A number of books and films have seemed relevant or even prescient since the COVID-19 pandemic arrived. 12 Monkeys is certainly not an optimistic take on surviving a pandemic or even preventing it.  Rather, it is about what you do after to try to restart life, which is closer to where we are now with COVID-19, Omicron variant, COVID-20, 21, or whatever version we’re dealing with when you read this.

The past can’t be changed. Prevent for the future

Influenza 1918

Today is Armistice Day Armistice Day which marks the armistice signed on the eleventh hour of the eleventh day of the eleventh month in 1918 between the Allies of World War I and Germany to end World War I – the “war to end all wars.” It is also known as Remembrance Day and Veterans Day.

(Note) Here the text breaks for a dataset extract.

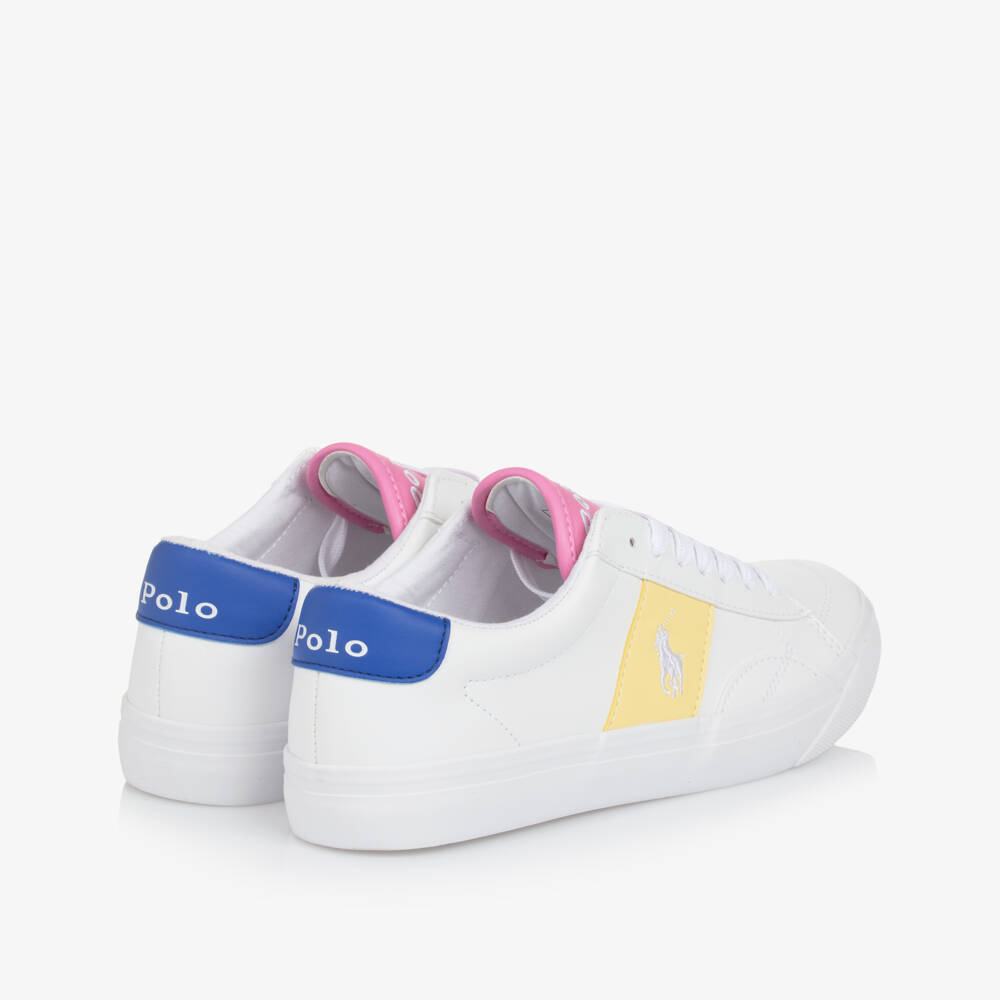 Ralph Lauren-Girls Vibrant Trim White Faux Trainers | Childrensalon Outlet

But 1918 was also the year of another kind of worldwide war against the Spanish influenza pandemic. There is no special day to mark this and I doubt that many Americans today know about it or think about it. You may have gone last month for your flu shot, but never thought about the fact that October 1918 was the deadliest month in United States history. 195,000 Americans died in that one month as a result of influenza.

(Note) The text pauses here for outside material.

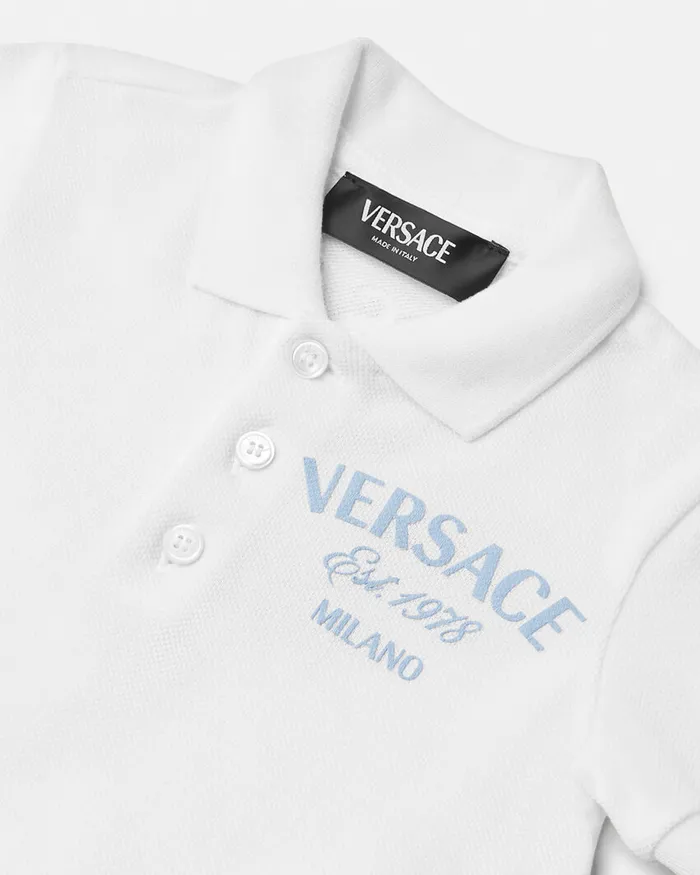 Versace University Coral Baby Polo Shirt Whiteprint Kids Shirts and Tshirts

Influenza ward at Walter Reed Hospital in Washington DC, 1918

By the time the pandemic had run its course, an estimated 500,000 Americans had died of the flu. It is hard to grasp that number. It is more deaths than the American combat fatalities in all the wars of the 20th century combined. And worldwide, the flu may have claimed as many as 100 million lives.

My mother was born in December of that year and it was feared that she or her mother might get the flu. The start of that flu season was in March with the first recorded case being a mess cook in Fort Riley, Kansas. There are still several hypotheses about how and where the flu pandemic began and no conclusive answer.

Though it became known as the “Spanish flu,” it did not originate in Spain. Spain seemed at the time to be particularly hard hit by the virus. I say “seemed” because the Spanish media covered it extensively, but the United States, the UK, France, and Germany deliberately underplayed the virus’ effect in hopes of keeping up wartime morale. Many Americans thought, as with many military wars, that it was something happening far from our shores.

Recent studies of the incomplete medical records from the time seem to show that this viral infection itself was not more aggressive than any previous influenza. Oddly, it seemed to affect healthy people more than would have been expected. Rather, factors such as malnourishment, overcrowded medical camps and hospitals and poor hygiene promoted bacterial superinfection which killed most of the victims after a prolonged period.

There was what was called a “second wave” that year of the same virus. We know it was the same strain because those who had survived a first infection had immunity in a second exposure. But after the lethal second wave struck in late 1918, new cases mysteriously dropped abruptly.

In Philadelphia, 4,597 people died in the week ending October 16, but by Armistice day influenza had almost disappeared from the city. No one is certain why. Did doctors get better at preventing and treating the pneumonia that developed after the victims had contracted the virus? Did the virus mutate extremely rapidly to a less lethal strain?

Could it happen again? That is the stuff of movies, like Outbreak, Contagion and World War Z, all of which make reference to the 1918 pandemic. Certainly our medical knowledge and treatments are much better today. Research done in 2007 reported that monkeys infected with the recreated flu strain has the same symptoms of the 1918 pandemic. They died from what is called a cytokine storm, which is when there is an overreaction of the immune system. That may explain why is may explain why the 1918 flu had a surprising powerful effect on younger, healthier people. A person with a stronger immune system would ironically have a potentially stronger overreaction than a less healthy person.